Lifting the screen on a private space
The media have gifted the Information and Broadcasting Ministry a weapon to beat it with by trying to cash in on the Aarushi-Hemraj murder case. Following an appeal from Aarushi’s mother, Nupur Talwar, the National Commission for the Protection of Child Rights has directed the I&B Ministry to stop a prominent production house from broadcasting a serial that depicts ‘honour killing’, something that the police have said may have been the motive for the double murder. The Commission’s complaint is that it glorifies this heinous practice and turns it into a voyeur’s delight. We totally agree.

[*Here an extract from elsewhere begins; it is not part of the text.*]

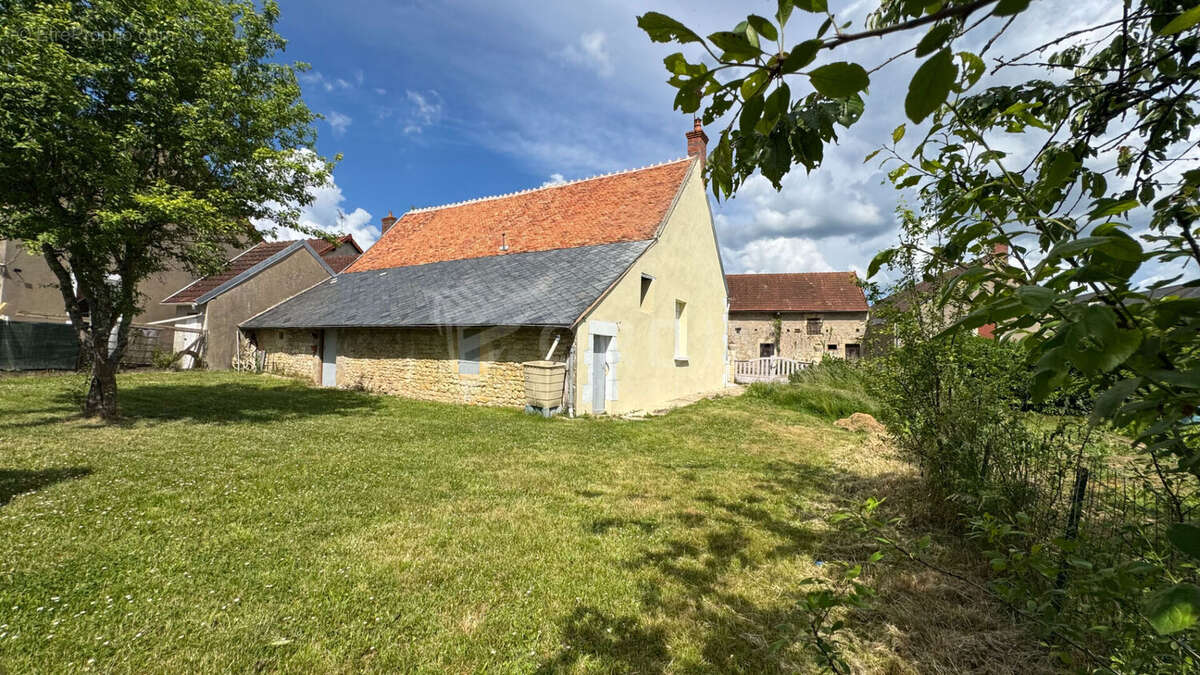 Maison à ALLIGNY-COSNE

The production company is wrong on many counts. First, it is jumping the gun on a case in which investigations are still on. Telecasting this episode would amount to influencing the public one way or the other. Such a depiction is not only insensitive to the family of the deceased but it also amounts to violating the rights of a deceased minor. While there is no doubt that freedom of creative expression must be upheld, the production house that had plans to telecast the serials has a duty to ensure that lurid tales plucked from real life are not propagated and that the line between public and private space is not crosssed. The same rule applies to the news media.
The media have always resisted attempts by the I&B Ministry to try and enforce guidelines, something that sounds perilously close to censorship. So far, the Ministry has backed off. But the media have been prodding the dragon, and this time the Ministry has a good reason to step in. This obsession with cashing in on ghoulish events will cost the media the freedom that we are so proud of. By all means, present every fact and opinion, but not at the cost of obstructing justice. Or using the grief of victims and their families as fodder for so-called ‘news’.